Banks are unlikely to make a loan where the debt service ratio is less than 1.25.
Before asking for a loan, figure out
how much the bank is likely to lend to you based on your debt service ratio. Current
rates on small business commercial loans will be somewhere between 8 to 13%.
Also, keep in mind that banks will
generally not lend to companies with less than two years of operating history.
If you have been in business for less than two years then consider another
method for obtaining money such as a personal P2P loan
Your personal credit score
In order to borrow money from a
bank, small business owners generally have to sign a personal guarantee.

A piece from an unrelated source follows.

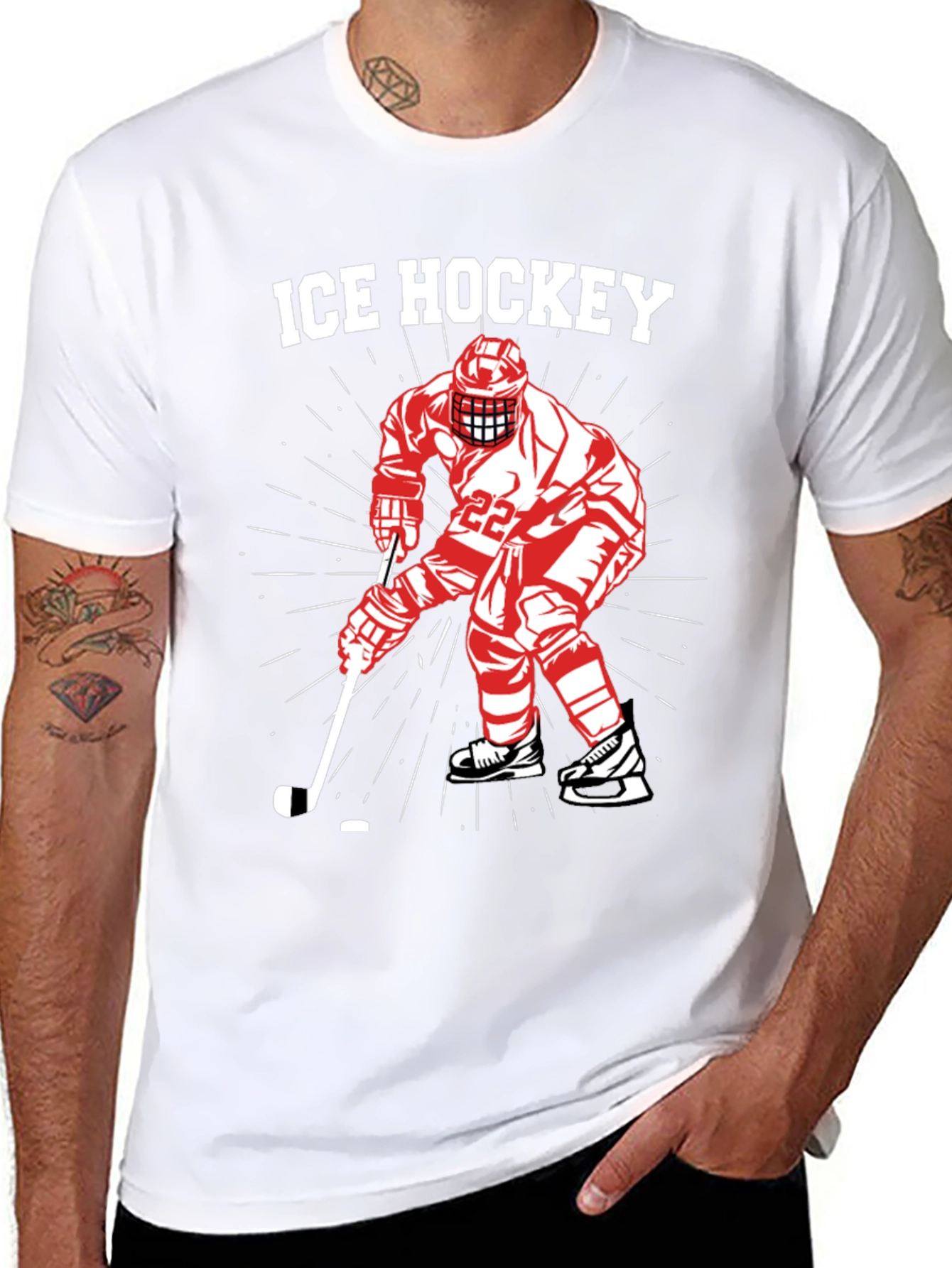 Ice Hockey Player Graphic Tee - Black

A
personal guarantee states that if the business is not able to pay the loan,
they are personally liable. This means that the bank is likely to place as much
emphasis on your personal credit score as they are the creditworthiness of your
business.
Before going and asking for a loan,
make sure that your personal credit score is above 700. If it is not
above 700, here are the steps to take:
- Dispute any errors on your credit report.
- Keep your debt to credit ratio below 30%. This means that for every $1 of available credit, you should be using less than $0.30.

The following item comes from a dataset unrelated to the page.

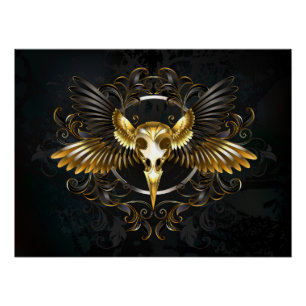 Golden Bird Skull auf schwarzem Hintergrund Poster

- The number of cards you have a balance on is also a factor, so pay off cards with small balances, and just use one primary card.
- Obviously, pay your bills on time.
Collateral for the loan
Banks are going to want collateral
for the loan, even if you have a good debt to service ratio and personal credit
score. Not only are they going to want collateral, but they are going to want
the right type of collateral. If you are a commercial real estate developer,
then the land and buildings you own are examples of the type of collateral that
banks like. Both are easy to value and sell if you are not able to make
payments on your loan.
.
If you don’t have the right type of
collateral, then focus on getting an SBA loan. SBA loans are commercial loans
that are backed by the Small Business Administration. Because the SBA will pay
some or all of the loan if you are unable to, lenders are willing to make SBA
loans to borrowers without collateral. All the other requirements are the same
however, you still need to be in business for at least 2 years, have a good
debt service ratio, and a good personal credit score.